Video communication in a VANET will be of considerable benefit in an urban emergency and may be preferable to communication over a cellular network. A novel aspect of the scheme developed by the authors in this Chapter is that the closed group formed by the emergency vehicles must take advantage of other vehicles to relay the video streams. Otherwise the numbers of vehicles and their dispersion throughout the urban area will make forming routing paths difficult to accomplish. Therefore, this Chapter highlights the concept of an embedded emergency vehicle-streaming group to aid video transfer within a more general VANET operating within a city.
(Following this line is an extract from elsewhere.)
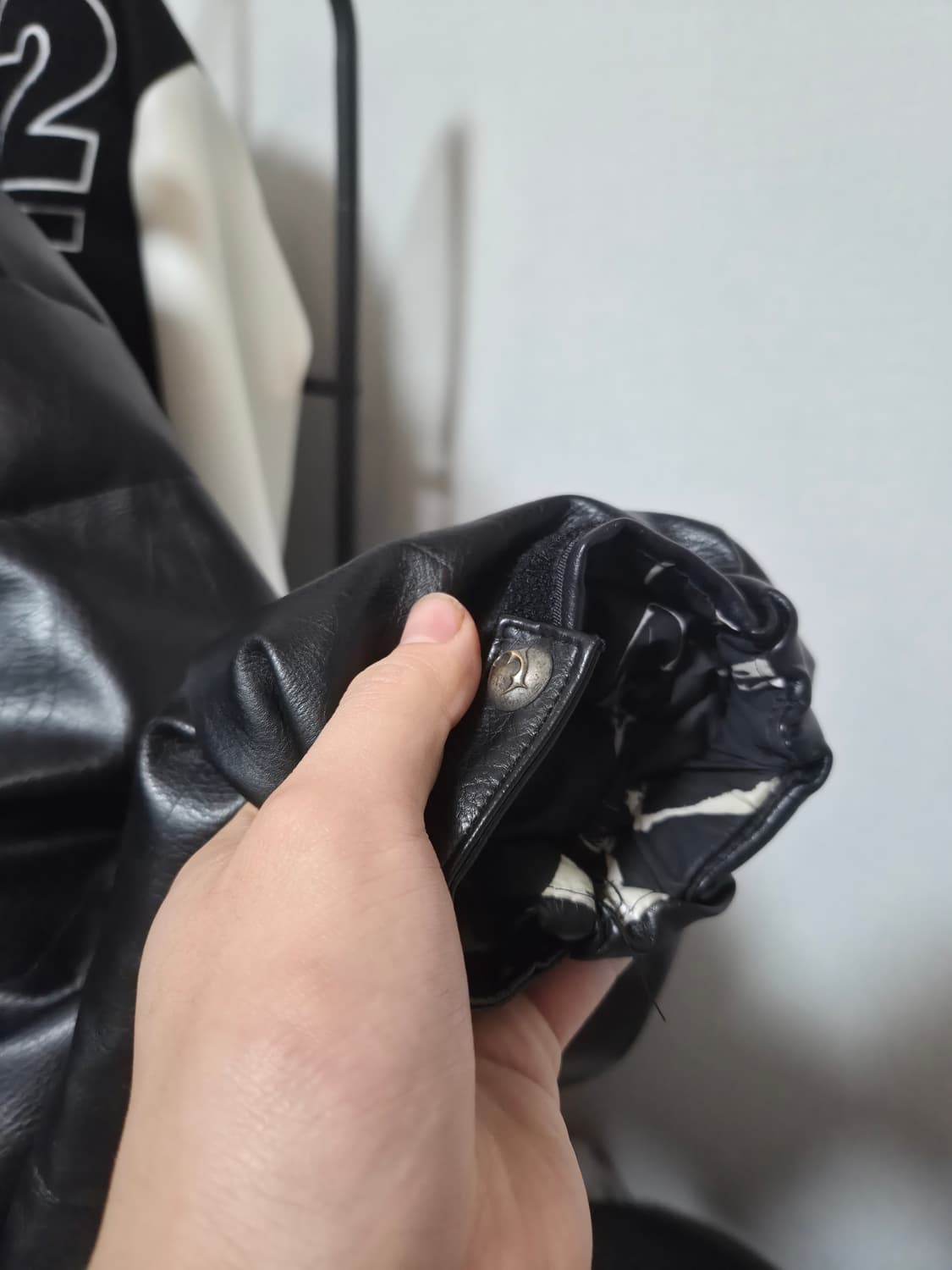 떠그클럽 패딩 신품급 3 상품이미지4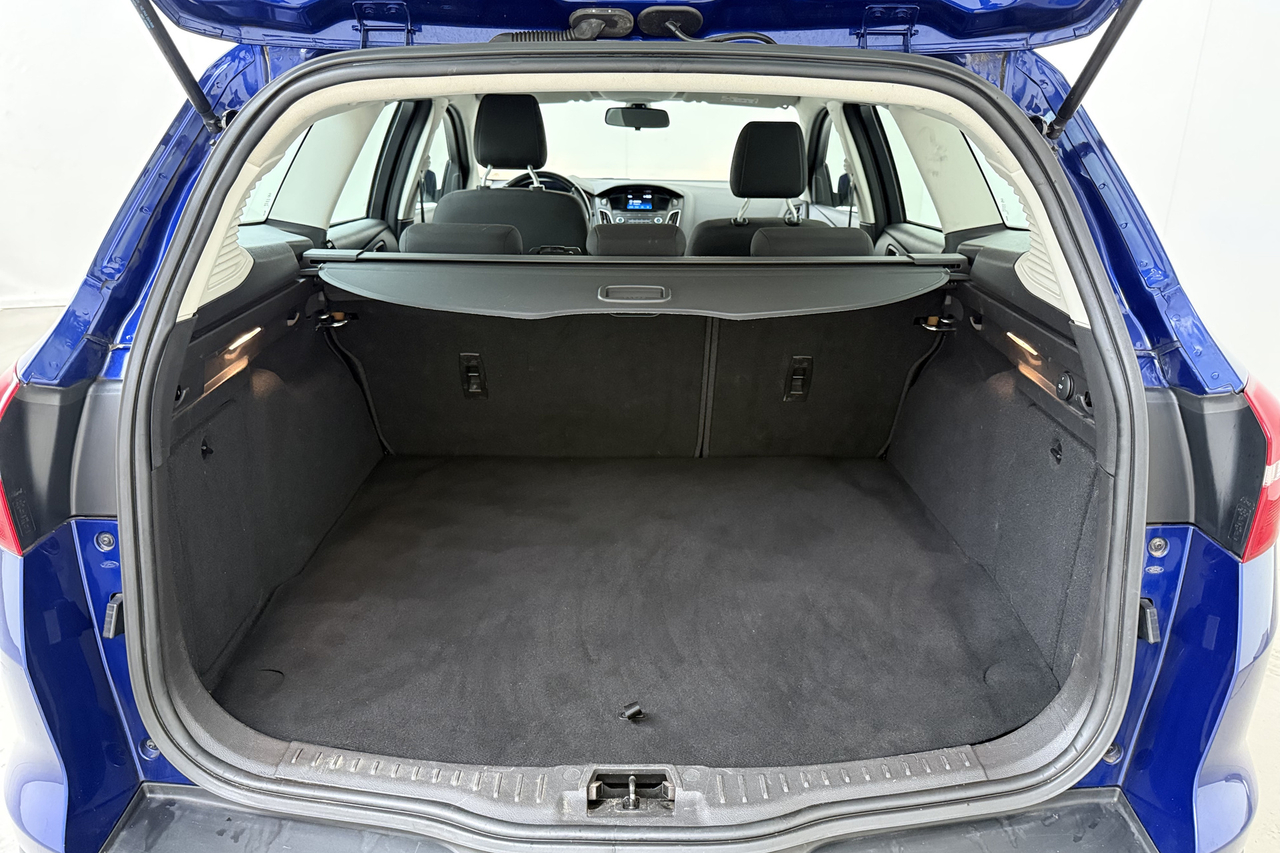 Ford Focus SW — photo 5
To achieve video streaming over a VANET overlay, resilient multi-source streaming using a Peer-to-Peer (P2P) overlay network (Buford et al., 2009) over a VANET can be considered. P2P overlay networks with multiple sources (Jurca et al., 2007) have proven to be robust, distributed solutions to multimedia transport, including streaming as well as simple file download. A multi-source P2P streaming system as an overlay network can be organized in such a way that a number of destination vehicles receive the same streaming data from multiple peers within the overlay. The presence of multiple sources means that if one source fails during the streaming process another can step in. This is because, in a VANET, a source could easily fail if a vehicle is parked or moves out of the area. Multiple sources are also required if the video stream is split into several streams in order to exploit path diversity within the VANET using Multiple Description Coding (MDC) (Chakareski et al., 2005). In MDC, any single description or partial video stream is sufficient for a watchable version of the video but the quality is enhanced when one or more other descriptions are delivered. In contrast, in layered video coding, the base layer must be received because otherwise enhancement layers cannot be utilised.

Another important issue is to what extent video error resilience measures (Stockhammer & Zia, 2007) can protect video streaming across these networks. The H.264/AVC (Advanced Video Coding) codec (Wenger, 2003) has introduced a number of such measures, some of which are new to this codec, an example being Flexible Macroblock Ordering (FMO) (Lambert et al., 2006). The Chapter analyses the response of the error resilience measures to isolated and burst error patterns. In fact, MDC based on the spatial decomposition of FMO can counter the effect of packet loss on video streams. By employing checkerboard or dispersed FMO, each frame can be separated into two or more slices. These slices can aid the reconstruction of adjacent macroblocks (a macroblock is the unit of block-based motion compensation, whereby only the difference between a block in the current frame and a matching area in the reference frame is encoded, as the energy of the residual frame is reduced compared to the current frame) in another slice in the event of the packet bearing that slice being lost. Checkerboard FMO is the only one of the H.264/AVC FMO types that has this property. An error resilience strategy adopts FMO for high packet loss regimes but includes distributed intra-refresh to reduce the sudden data bursts that would otherwise arise from transmitting periodic intra-coded I-frames.